In economic news, the Labor Department said the U.S. unemployment rate held steady at 4.5% in July as fewer jobs were lost than feared, while job performance numbers for May and June were revised upward. The data, however, still suggested the overall economy remains soft.
Alan Ackerman, senior vice president and market strategist at Fahnestock & Co., said the expectation now has shifted to a 25-basis-point cut by Fed policymakers at their Aug. 21 meeting. Ackerman added the rally earlier in the week predominantly was fired by positive chip sector news, not overall economic strength.
Among stocks in the news Friday, conglomerate Tyco International Ltd. (TYC ) said it would buy anti-theft equipment maker Sensormatic Electronics Corp. (SRM ) in a stock swap valued at about $2.2 billion, expanding Tyco's portfolio of electronic security equipment.
The Dow Jones Industrial Average ended down 38.40 points, or 0.36%, to 10,512.78. The tech-heavy Nasdaq lost 21.13 points, or 1.01%, to 2,066.25. The broader S&P 500 Index was down 6.40 points, or 0.52%, to 1,214.35.
U.S. Treasuries ended lower. In economic news, the Labor Department said the July unemployment rate was 4.5%, matching June's level but up from 4.4% in May. Another 42,000 jobs were shed in July on top of 93,000 lost in June, while 41,000 were created in May. The July figures beat Wall Street economists' forecasts that 50,000 jobs would be cut and that the unemployment rate would rise to 4.6%. Previously, the government said that only 8,000 jobs were created in May and that a steeper 114,000 were lost in June.
European markets finished lower. In London, the Financial Times-Stock Exchange 100 index lost 36.90 points, or 0.66%, to 5,547.60. In France, the CAC 40 was down 57.41 points, or 1.13%, to 5,031.29. And in Germany, the DAX Index shed 41.40 points, or 0.72%, to 5,735.88.

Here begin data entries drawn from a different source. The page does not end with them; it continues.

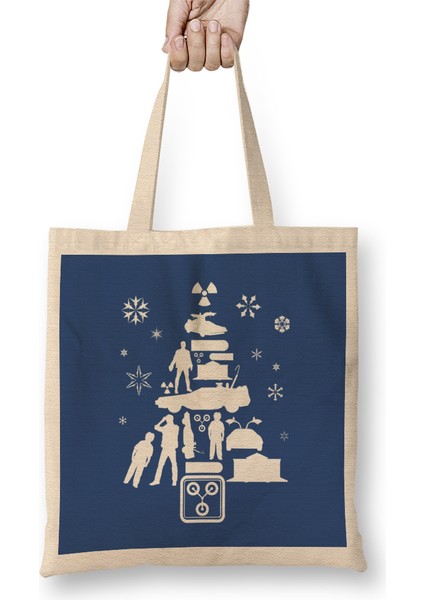Back To The Future Christmas Tree Silhouette White Bez Çanta Uzun Saplı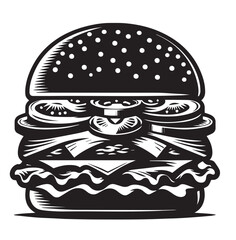 Silhouette Vector Illustration Double cheeseburger drawing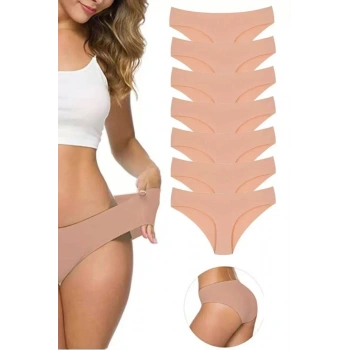 7 Adet Kadın Dikişsiz Lazer Kesim Esnek İz Yapmayan Külot Ten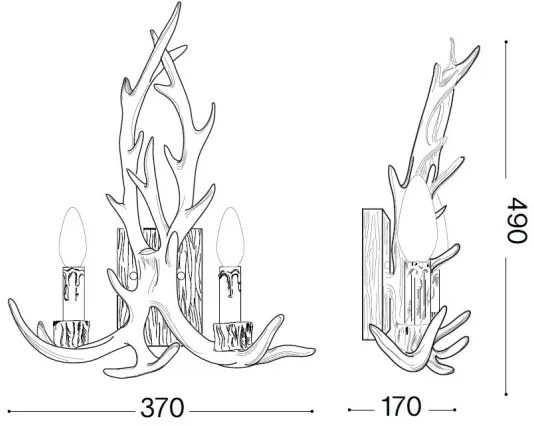 Aplică CHALET 2xE14/40W/230V coarne de cerb Ideal Lux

In Asia, markets ended with losses. Japan's Nikkei 225 index gave up early gains to close lower by 157.23 points, or 1.27%, to 12,241.97 as profit-takers sent shares lower in the afternoon. Transportation was the worst performing sector, following speculation by analysts that demand may flatten or decline in the second half of the year. Banks were hit hard by news of poor earnings, and a tepid response to plans aimed at hastening bad loan write-offs and restructuring. In Hong Kong, the Hang Seng index lost 197.29 points, or 1.58%, to 12,269.08.